The problem of inerrancy reminds me of the argument against the existence of God based on His apparent hiddenness. If God’s word is true, and if belief in its truth is so urgent why is this not evident in the clarity of the Bible? Certainly, even the most staunch unbeliever would agree if God existed they would want to know about it, so why doesn’t God share this sense of urgency in communicating Himself more clearly?
Thomas Kuhn, while not a philosopher of religion, rightly noted that we do science traditionally through paradigms, that is there is a body of data begging to be interpreted and we all come to different conclusions about the same stuff. The Bible, or any text really, is no different. We cannot escape our paradigms to get to the thing itself.

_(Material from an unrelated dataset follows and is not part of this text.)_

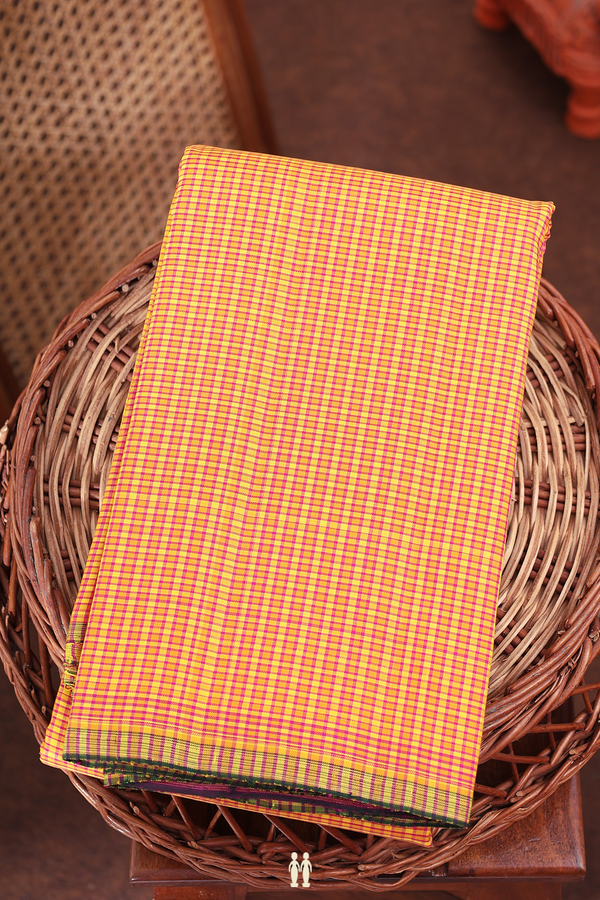 Kanchipuram Silk Saree In Yellow And Pink With Checks Design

If the Bible is a document for all people in all times and in all places, shouldn’t we come to roughly the same conclusions about it? From a secular standpoint, Evangelicals, Catholics and Jehovah’s Witnesses can’t even get their stories straight. Christian Smith, in “The Bible Made Impossible” notes how the Bible can affirm Calvinism just as much as it does Arminianism. Ask 10 different scholars, who affirm Biblical inerrancy, what inerrancy means and how they would reconcile difficult verses in the Bible and you will probably get more answers than you will scholars in the field. Smith is right when he says that affirming inerrancy is the beginning of the debate, not the end of one. If one wants to affirm it, it needs to be defended just as much.
What is Inerrancy?
First of all, Inerrancy is not the expectation that our translations, whether they be Latin, German, French of English, are error free. This would be asking too much of our linguistic abilities. Even the modern day Greek language is inadequate for fully capturing the original languages. Even if there were perfect golden plates of the Bible stored away in some Platonic sense, there is no way they could be adequately communicated to us, through our flawed mechanisms.
An inerrantist also does not affirm the manuscript evidence currently in our possession is error free. There are variant readings of the thousands of copies currently in play. That we cannot settle current theological debates, on these manuscripts alone, demonstrates this.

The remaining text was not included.